Improving Transformers with Dynamically Composable Multi-Head Attention
Da Xiao, Qingye Meng, Shengping Li, Xingyuan Yuan
TL;DR
This work tackles the inefficiencies of standard multi-head attention by introducing Dynamically Composable Multi-Head Attention (DCMHA), which dynamically composes attention heads through a Compose function applied to attention score and weight matrices. By leveraging a tensor-decomposition-based, input-dependent transformation, DCFormer acts as a drop-in replacement for MHA, yielding significant gains in language modeling and downstream tasks while achieving ~1.7×–2× compute efficiency.
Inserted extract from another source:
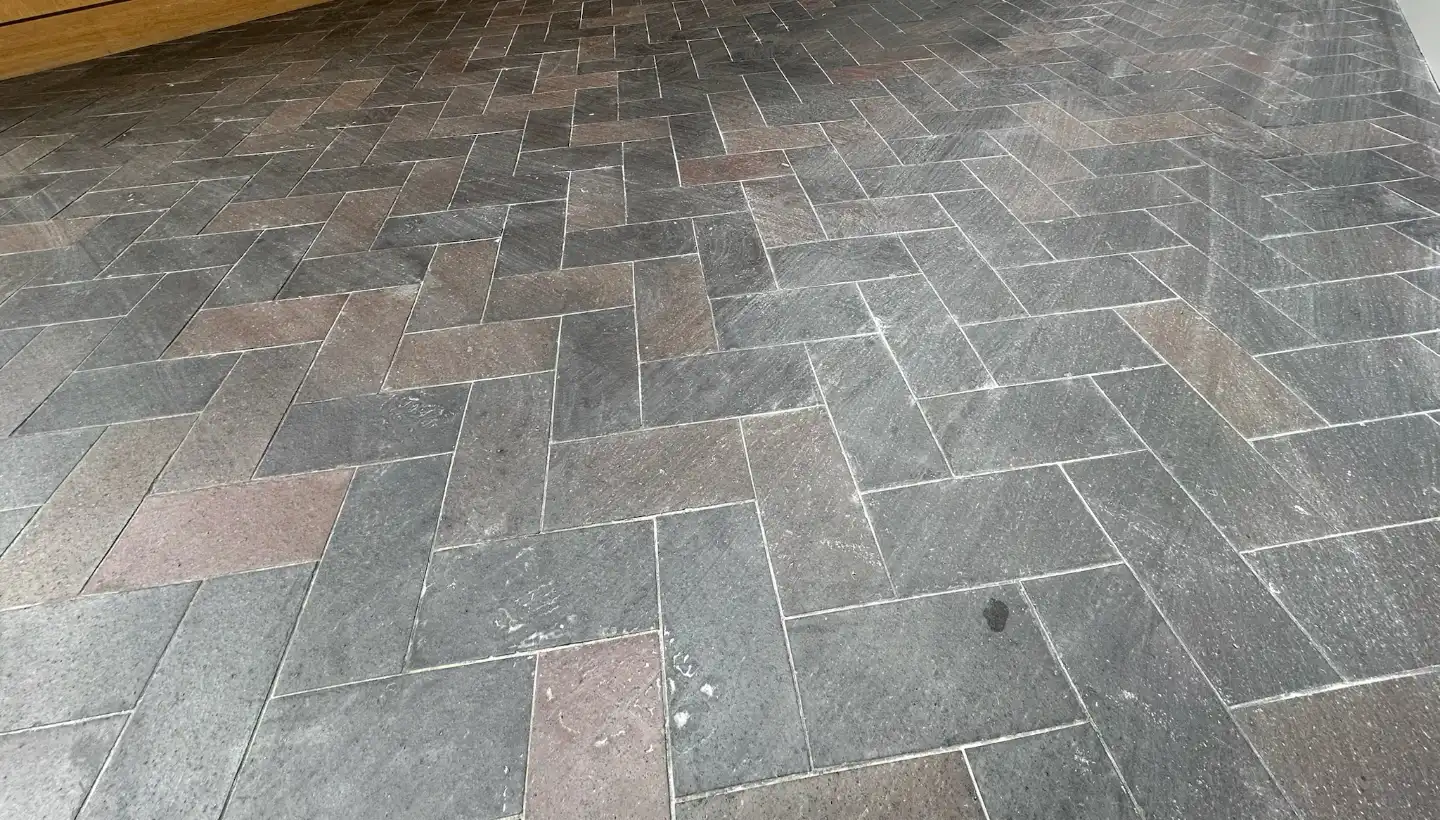 Unsealed blue brick ceramic floor with residue and builder dust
The approach provides both theoretical connections to projection-based head composition and practical mechanisms to maintain efficiency via low-rank plus diagonal decompositions and grouped tensor parallel training. Empirically, DCFormer achieves strong scaling behavior, outperforms baseline Transformers across model sizes, and transfers to vision transformers with improved image classification performance, all while offering interpretable insights into head diversity and the dynamic interaction of QK and OV circuits.
Abstract
Multi-Head Attention (MHA) is a key component of Transformer. In MHA, attention heads work independently, causing problems such as low-rank bottleneck of attention score matrices and head redundancy. We propose Dynamically Composable Multi-Head Attention (DCMHA), a parameter and computation efficient attention architecture that tackles the shortcomings of MHA and increases the expressive power of the model by dynamically composing attention heads. At the core of DCMHA is a $\it{Compose}$ function that transforms the attention score and weight matrices in an input-dependent way. DCMHA can be used as a drop-in replacement of MHA in any transformer architecture to obtain the corresponding DCFormer. DCFormer significantly outperforms Transformer on different architectures and model scales in language modeling, matching the performance of models with ~1.7x-2.0x compute. For example, DCPythia-6.9B outperforms open source Pythia-12B on both pretraining perplexity and downstream task evaluation. The code and models are available at https://github.com/Caiyun-AI/DCFormer.